_INSTRUCTIONS TO FOLLOW_
Only the lines from the one containing "Answer the questions: Are" through the end of the listing belong in the answer, repeated exactly, with no pictures.

_GIVEN RECORDS_
= = = = = = =

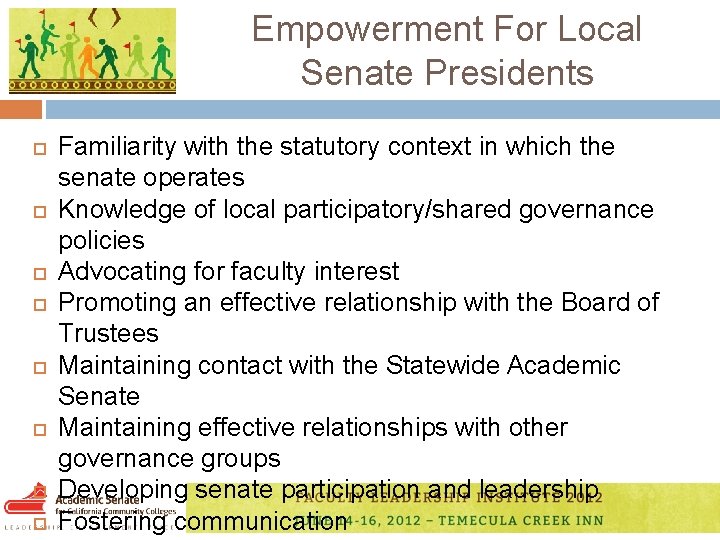 Empowerment For Local Senate Presidents Familiarity with the statutory context in which the senate
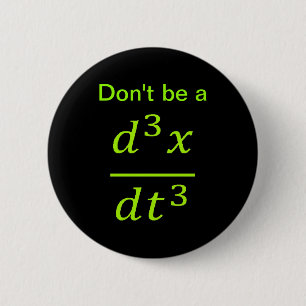 Calculus Physics Joke  6 Cm Round Badge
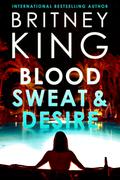 Blood, Sweat, and Desire by Britney King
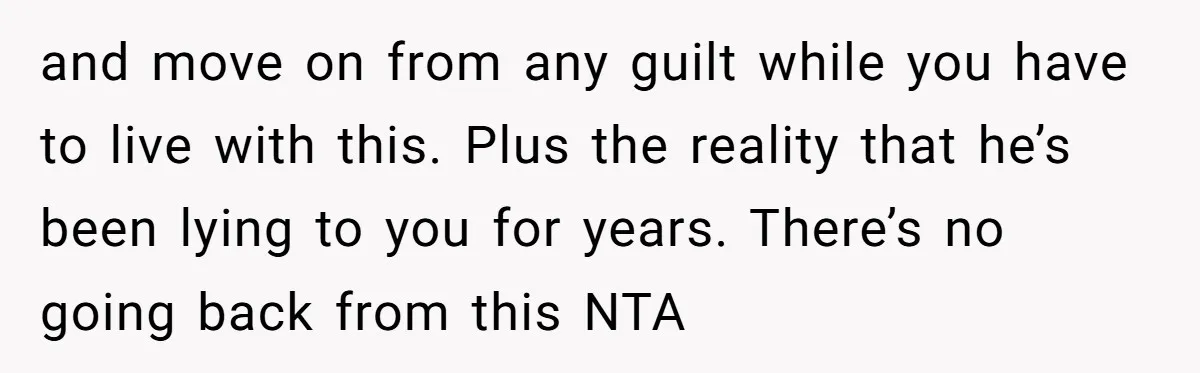 and move on from any guilt while you have to live with this. Plus the reality that he’s been lying to you for years. There’s no going back from this...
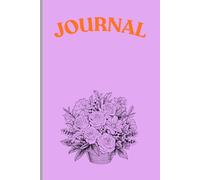 Journal: Notebook for Writing with pictures of flowers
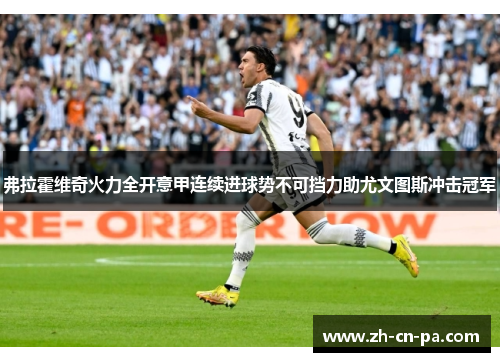 弗拉霍维奇火力全开意甲连续进球势不可挡力助尤文图斯冲击冠军
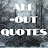 All-Out Quotes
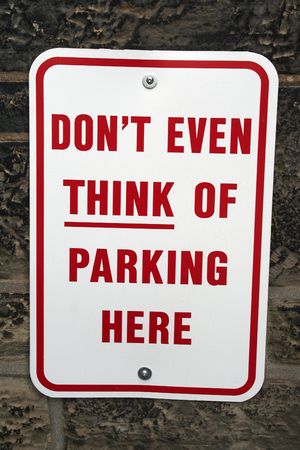 \'don\'t even think about parking here\'warningの写真素材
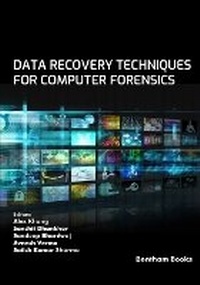 Enlarge image Cover: Data Recovery Techniques for Computer Forensics - Bentham Science Publishers Singapore Pte. Ltd.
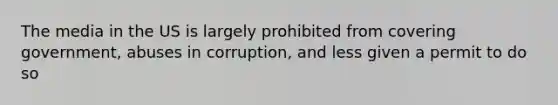 The media in the US is largely prohibited from covering government, abuses in corruption, and less given a permit to do so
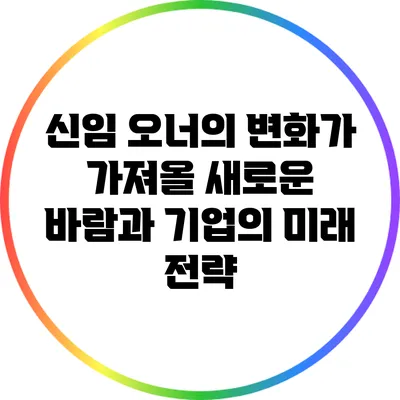 신임 오너의 변화가 가져올 새로운 바람과 기업의 미래 전략
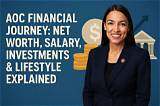 Exploring the Net Worth of Aoc: a Comprehensive Analysis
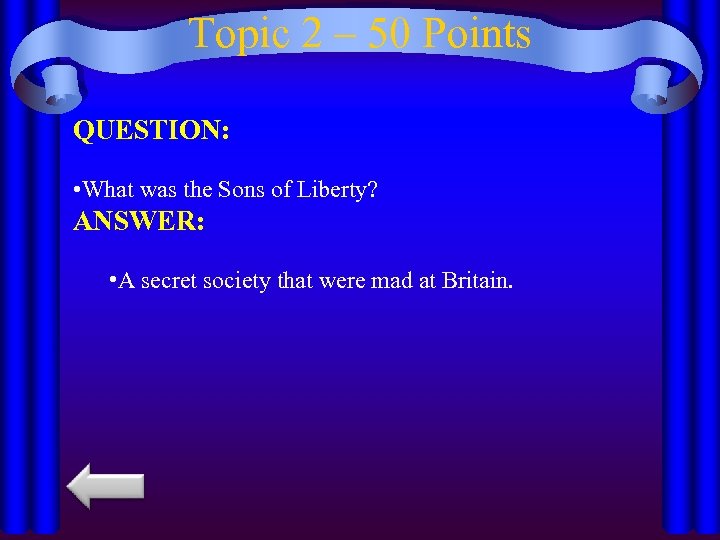 Topic 2 – 50 Points QUESTION: • What was the Sons of Liberty? ANSWER:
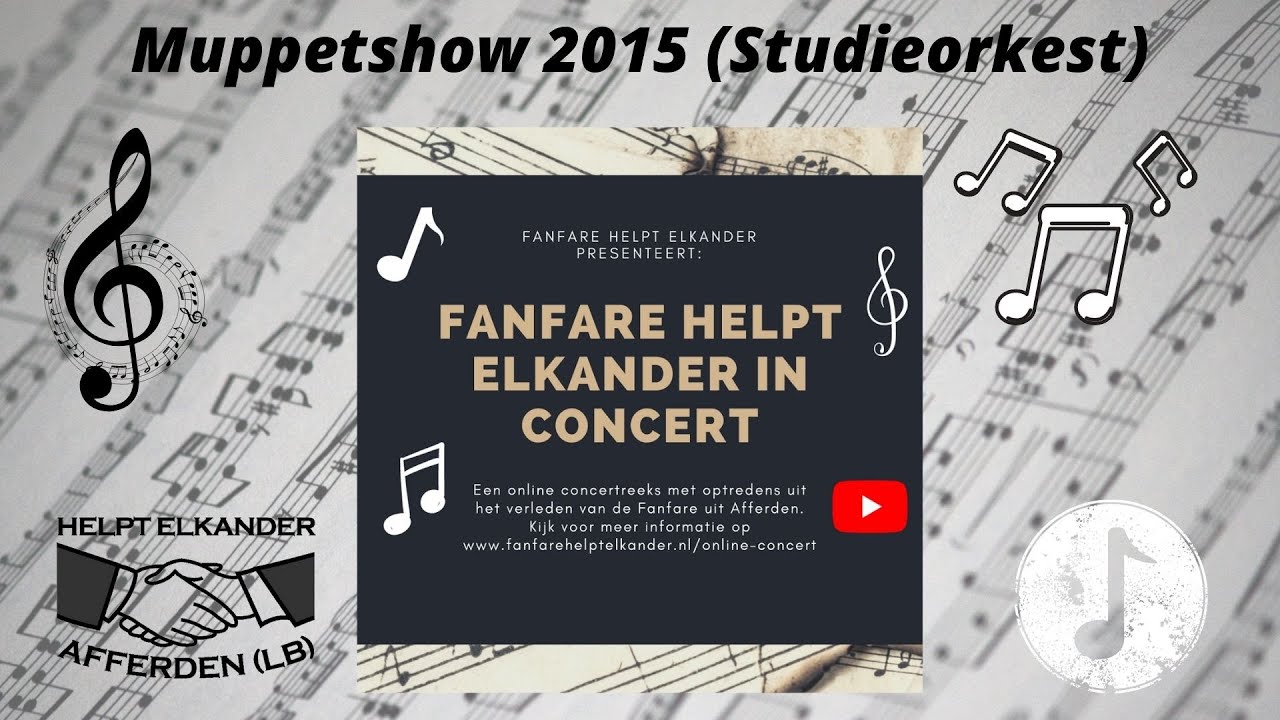 🎵Fanfare Helpt Elkander In Concert (Muppetshow 2015 Studieorkest)🎵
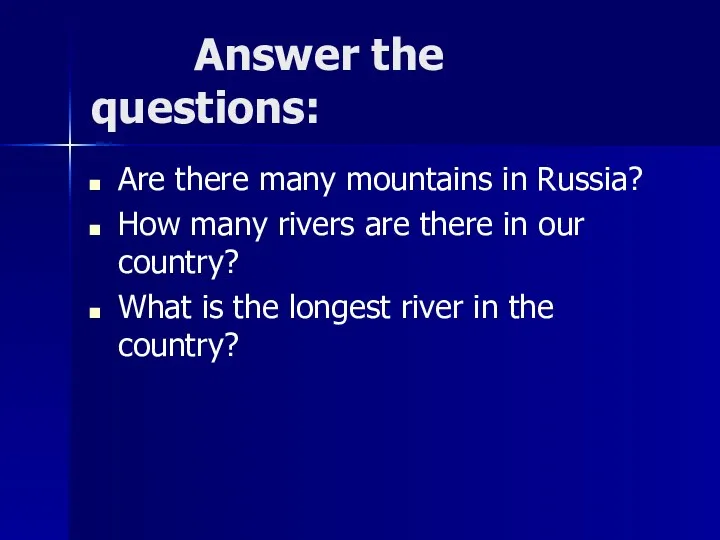 Answer the questions: Are there many mountains in Russia? How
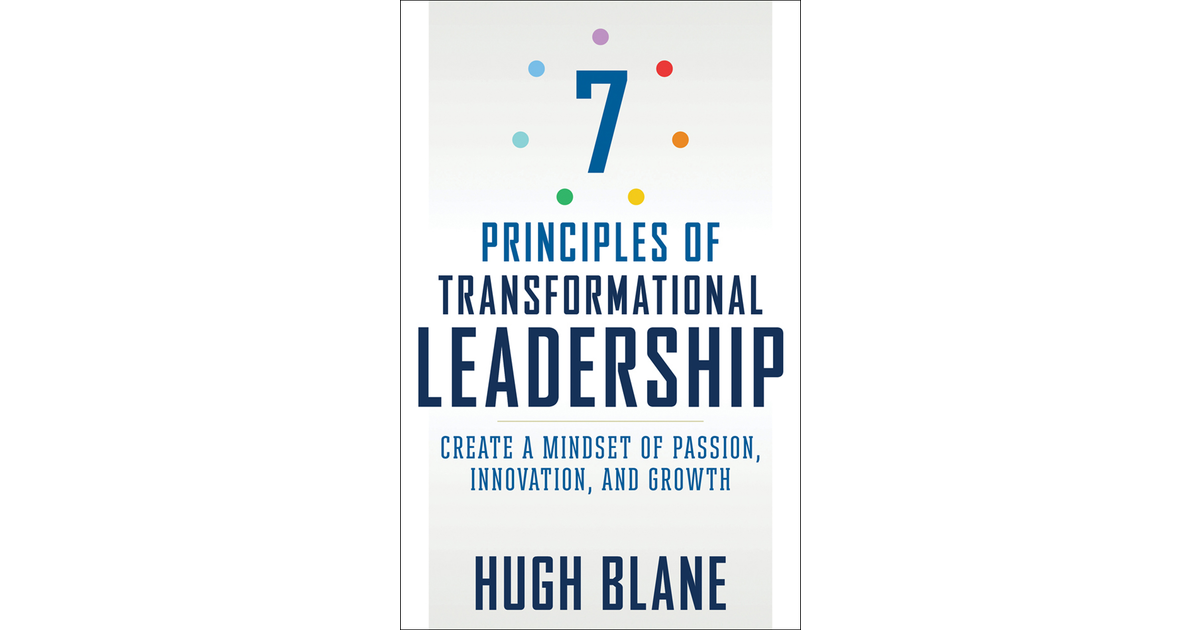 7 Principles Of Transformational Leadership[Book]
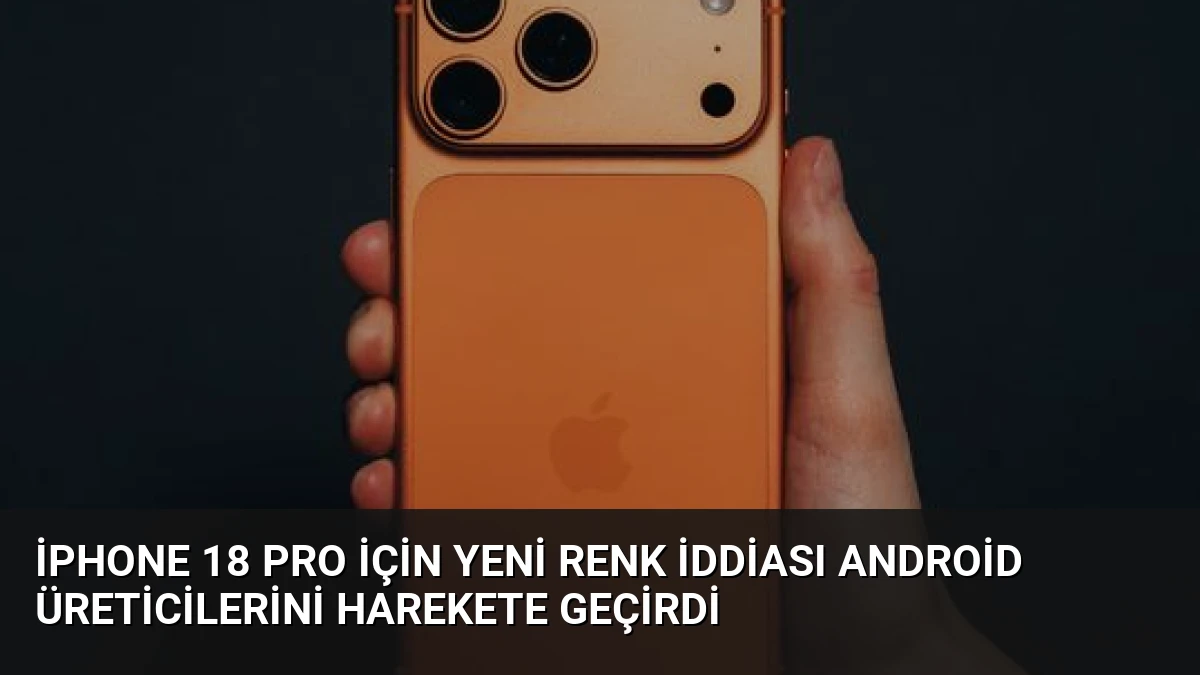 iPhone 18 Pro İçin Yeni Renk İddiası Android Üreticilerini Harekete Geçirdi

= = = = = = =

_RESULT BELOW_
 Answer the questions: Are there many mountains in Russia? How
 7 Principles Of Transformational Leadership[Book]
 iPhone 18 Pro İçin Yeni Renk İddiası Android Üreticilerini Harekete Geçirdi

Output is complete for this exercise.